## [REQUIRED ACTION]
Using the listing below, please print exactly the lines from the one with "Audi Q3 2023 2" through the one with "锦时烤鸡拼盘-JINNS锦时 steak&pizza(浸信会礼拜堂旧址店)". Leave out every picture.

··· SOURCE MATERIAL ···

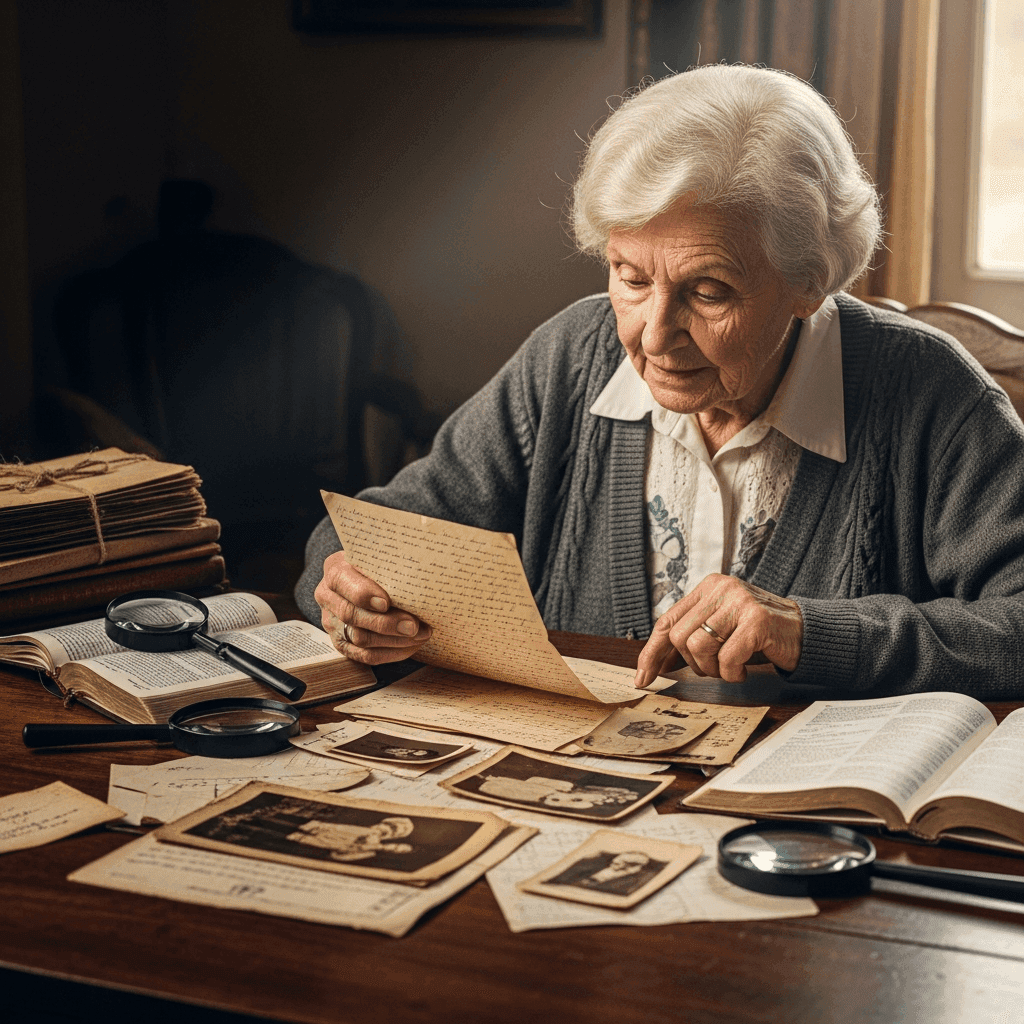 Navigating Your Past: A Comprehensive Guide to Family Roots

···
··· SOURCE MATERIAL ···

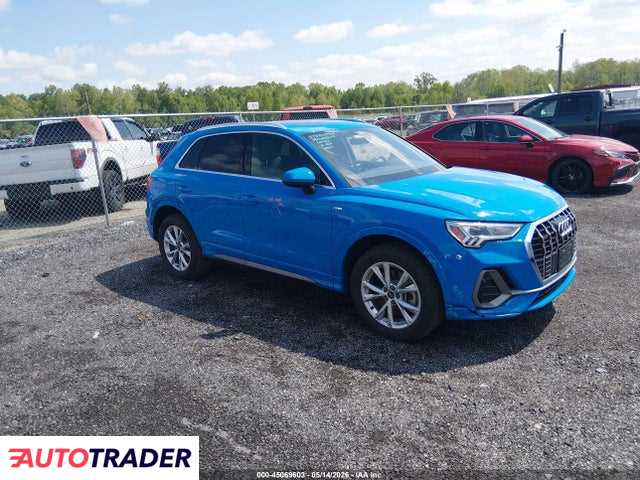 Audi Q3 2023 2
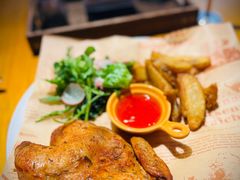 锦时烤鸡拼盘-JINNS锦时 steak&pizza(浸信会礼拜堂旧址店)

···

## [TASK SOLUTION]
 Audi Q3 2023 2
 锦时烤鸡拼盘-JINNS锦时 steak&pizza(浸信会礼拜堂旧址店)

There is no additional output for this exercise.